[Task brief] All lines below must be repeated exactly, with the pictures omitted.

- - - - - - -

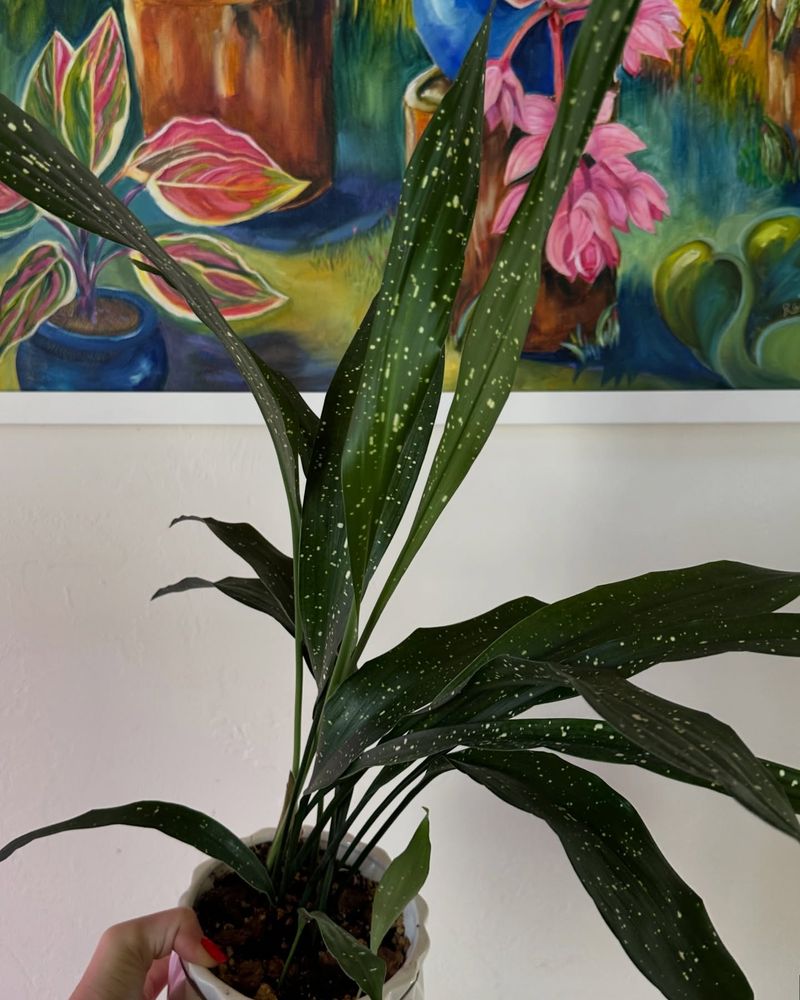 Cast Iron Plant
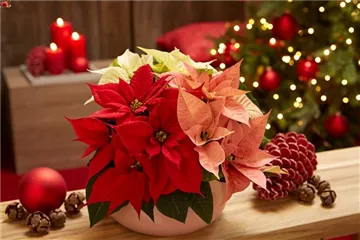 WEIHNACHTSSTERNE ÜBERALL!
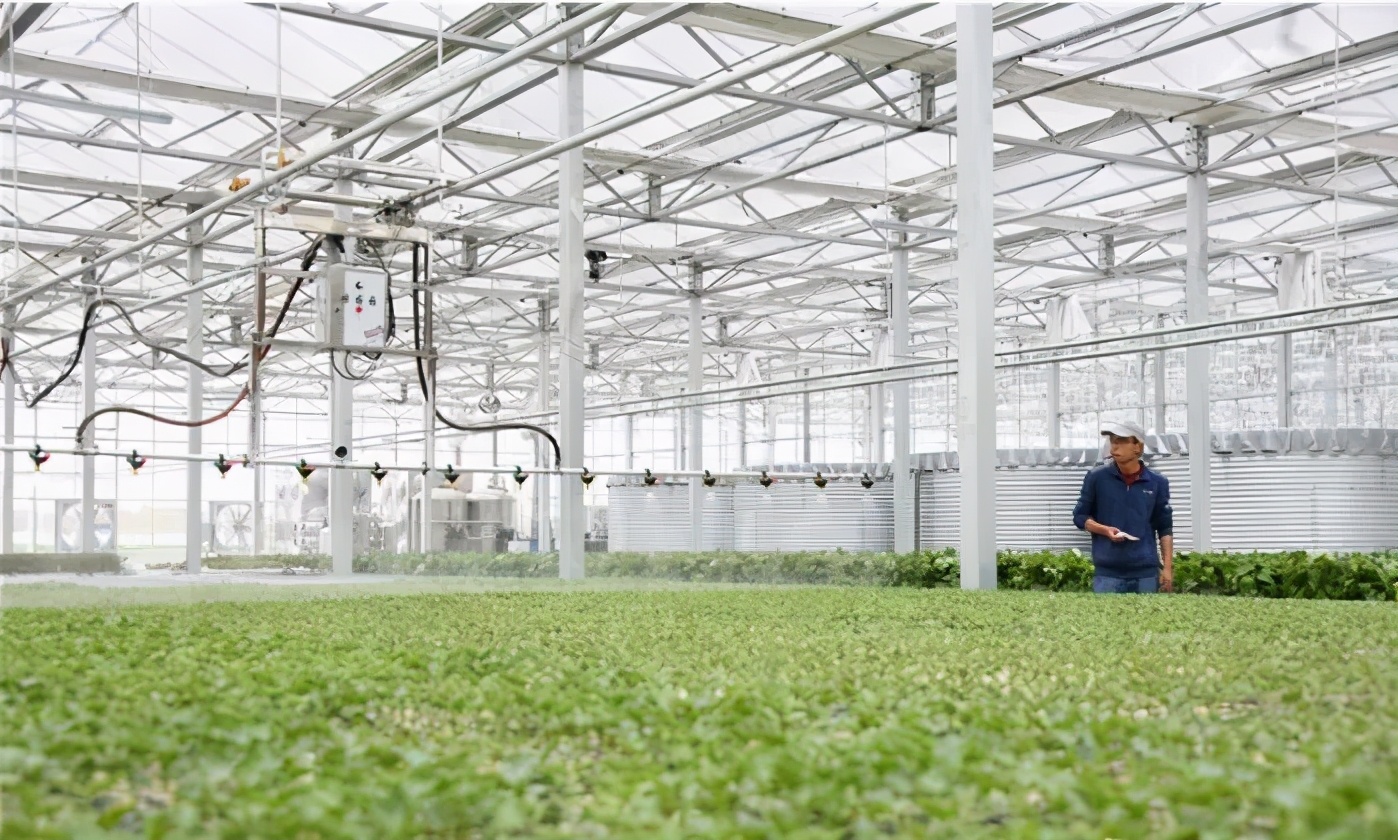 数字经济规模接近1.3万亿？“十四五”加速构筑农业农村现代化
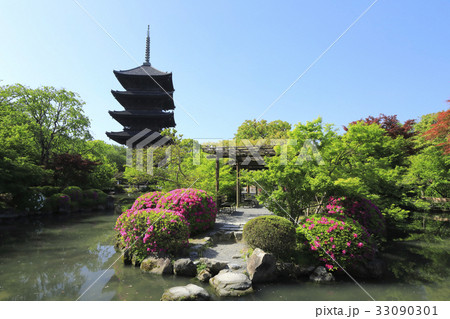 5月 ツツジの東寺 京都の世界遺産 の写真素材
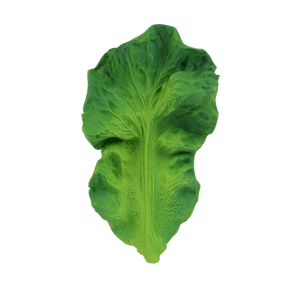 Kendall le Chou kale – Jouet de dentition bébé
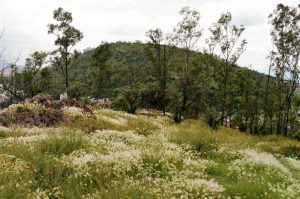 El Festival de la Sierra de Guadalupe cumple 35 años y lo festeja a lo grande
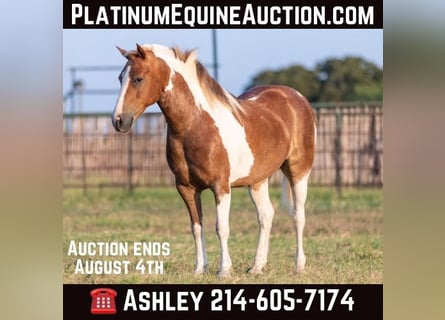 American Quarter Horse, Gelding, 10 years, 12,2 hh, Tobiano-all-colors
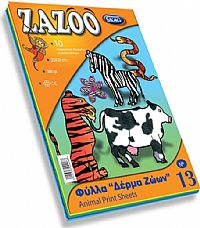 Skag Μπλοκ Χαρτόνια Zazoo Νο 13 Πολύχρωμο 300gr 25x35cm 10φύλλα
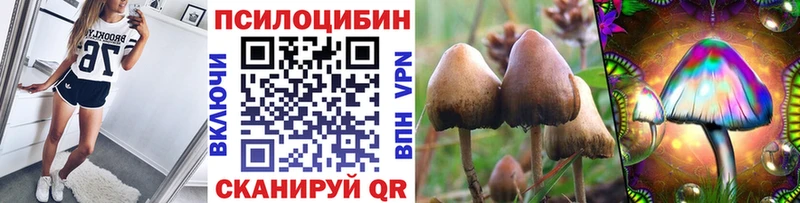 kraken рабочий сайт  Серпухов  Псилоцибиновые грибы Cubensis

- - - - - - -

[Response box]
 Cast Iron Plant
 WEIHNACHTSSTERNE ÜBERALL!
 数字经济规模接近1.3万亿？“十四五”加速构筑农业农村现代化
 5月 ツツジの東寺 京都の世界遺産 の写真素材
 Kendall le Chou kale – Jouet de dentition bébé
 El Festival de la Sierra de Guadalupe cumple 35 años y lo festeja a lo grande
 American Quarter Horse, Gelding, 10 years, 12,2 hh, Tobiano-all-colors
 Skag Μπλοκ Χαρτόνια Zazoo Νο 13 Πολύχρωμο 300gr 25x35cm 10φύλλα
 kraken рабочий сайт  Серпухов  Псилоцибиновые грибы Cubensis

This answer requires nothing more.